We'll use these CRUD methods to create our test. What we want to try and do is create a race-condition in which two different asynchronous threads attempt to create a new widget with a given name. This would serve to simulate the notorious "double submit" that can occur when a user double clicks on a <form>'s submit button (and there is no client-side code to catch-and-dismiss such an action).

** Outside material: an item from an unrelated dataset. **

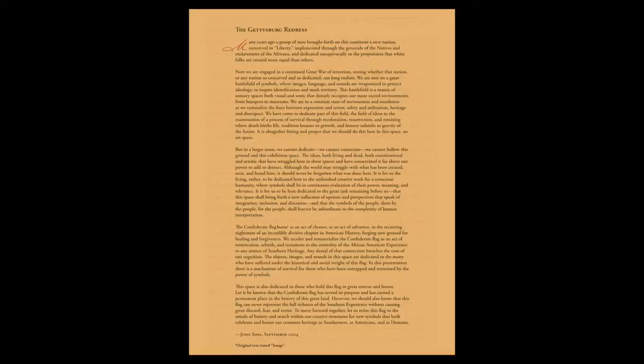First, you'll get a printable 8½ by 11 Confederate flag. This is ideal for all of you out there who refuse to buy a Confederate flag, or cannot find one because they are all sold out.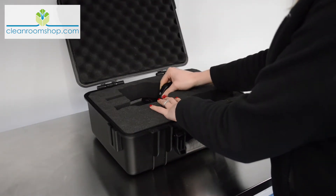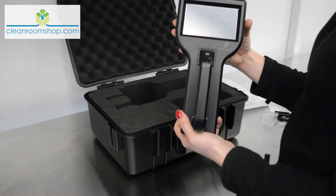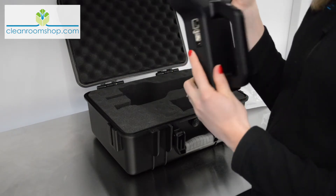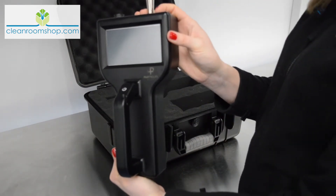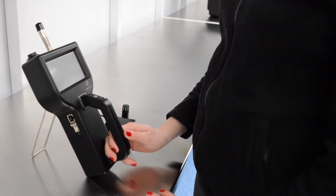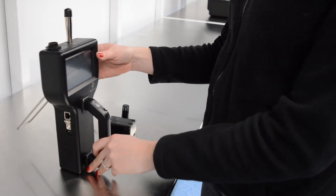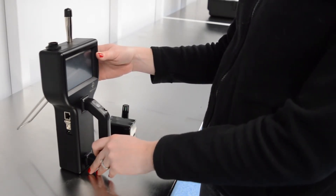Then there's the unit itself. It feels very light without the battery, which I'll add in later, but it's a really nice looking unit. It has a stand which can be used during counts in a turbulently ventilated clean room. In a unidirectional airflow clean room, you would stand it upright as the sensor probe needs to face into the airflow.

In ColdFusion, this is quite easy to do with the CFThread tag. In the following test, we're going to generate a random userID and a unique name and then try to run the same exact insert workflow in two different asynchronous threads:

<cfscript>

	include "./db-functions.cfm";

	// We're going to have two CFThread tags race to insert this record.
	userID = randRange( 1111, 9999 );
	widgetName = "widget-#createUniqueId()#";

	// ------------------------------------------------------------------------------- //
	// ------------------------------------------------------------------------------- //

	thread
		name = "competingThreadOne"
		userID = userID
		widgetName = widgetName
		{

		transaction isolation = "serializable" {

			// MySQL is going to LOCK the index range scanned during this SERIALIZABLE
			// transaction, which in our case - with an index on `userID` - is going to
			// be all the rows that are owned by the given user.
			if ( isWidgetWithNameExists( userID, widgetName ) ) {

				throw( type = "NameAlreadyExists" );

			}

			// Race condition - both competing threads MAY HAVE time to get to this
			// point, each thinking that the given widget does NOT EXIST yet.
			// --
			// NOTE: We can use a sleep() to make sure both competing threads get to
			// this point while both transactions are being held open.
			// sleep( 2000 );
			createWidget( userID, widgetName );

		}

	}

	thread
		name = "competingThreadTwo"
		userID = userID
		widgetName = widgetName
		{

		transaction isolation = "serializable" {

			// MySQL is going to LOCK the index range scanned during this SERIALIZABLE
			// transaction, which in our case - with an index on `userID` - is going to
			// be all the rows that are owned by the given user.
			if ( isWidgetWithNameExists( userID, widgetName ) ) {

				throw( type = "NameAlreadyExists" );

			}

			// Race condition - both competing threads MAY HAVE time to get to this
			// point, each thinking that the given widget does NOT EXIST yet.
			// --
			// NOTE: We can use a sleep() to make sure both competing threads get to
			// this point while both transactions are being held open.
			// sleep( 2000 );
			createWidget( userID, widgetName );

		}

	}

	// ------------------------------------------------------------------------------- //
	// ------------------------------------------------------------------------------- //

	// Wait for both competing threads to re-join the parent thread.
	thread action = "join";

	dump(
		label = "Widgets by User",
		var = getWidgetsByUserID( userID ),
		metainfo = false
	);
	dump(
		label = "CFThreads",
		var = cfthread
	);

</cfscript>

Because both of the CFThread tag-bodies are executing in parallel, there's a good chance that both threads will run the isWidgetWithNameExists() method at roughly the same time. As such, they will both return false; and then both threads will try and proceed to the createWidget() call at the same time.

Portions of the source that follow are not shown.